The Gist:
- More and more, sales organizations are refusing to provide their prospective clients with the help of a salesperson.
- Many of the new models are based on removing the costs of sales, something that limits success in complex sales.
- In professional B2B sales, human beings provide more value than automation.
The more sales organizations turn to technology to reduce the cost of interacting with a customer or client, the greater the returns for those who buck the trend and provide a human being. There is nothing wrong with using technology to manage transactions, but removing human beings does not just reduce costs—it cheapens every interaction.
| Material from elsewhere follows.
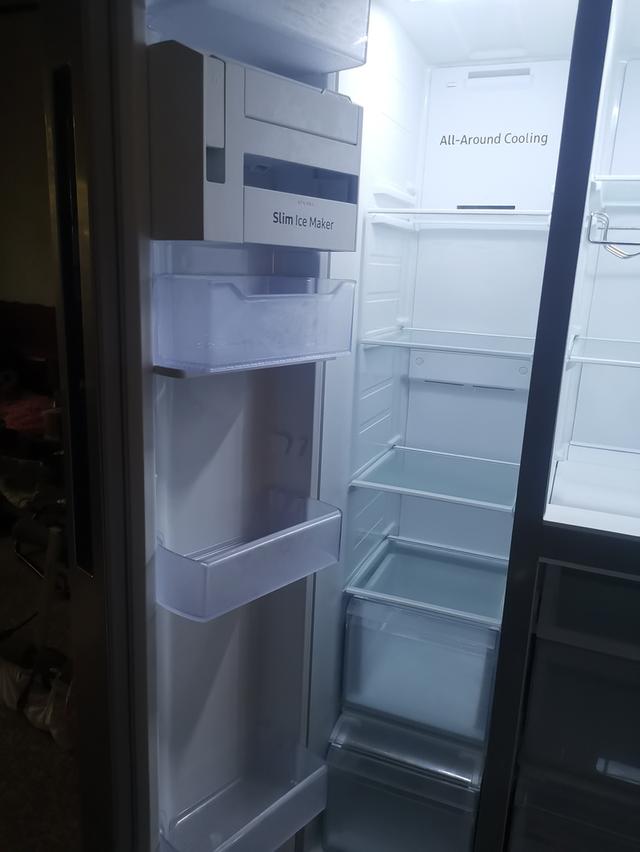 ตู้เย็น​ 22.8Q ​รุ่น​RS63R5581SL​ ​3​ ประตู​ เป็นตู้ใหม่ไม่เคยใช้งาน​ ซื้อมา​ วันที่​ 22/11/68​ เป็นสินค้าตัวโชว์​ อยู่นนทบุรี​ สนใจ​ โทร​0813355042 4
As you decide whether (and how) to use automation, you should consider both the nature of the communication and your overall client engagement model.
No Human Required
It is hard to say how much of my money allowed Jeff Bezos to rocket himself to the outer edge of our atmosphere, but I am certain I made a significant contribution—I am an inveterate book buyer, even though it would take me three lifetimes to read what I have now, so I’m practically on a first-name basis with every Amazon driver in the Columbus metro. I opened my Amazon account in August of 1997, and so far, I have never spoken to a human being there. The nature of my relationship with this company is purely transactional, though I am a little disappointed every time Mr. Bezos fails to send me a “Have a Pleasant Winter Solstice” card.
I receive plenty of emails from Amazon.com, of course: they inform me that a supplier will be late shipping me an out-of-print book or that the book I ordered is no longer available. No human intervention is necessary in these communications: speaking with a real person would not speed up the delivery or spontaneously generate a book that the bookstore already sold to someone else.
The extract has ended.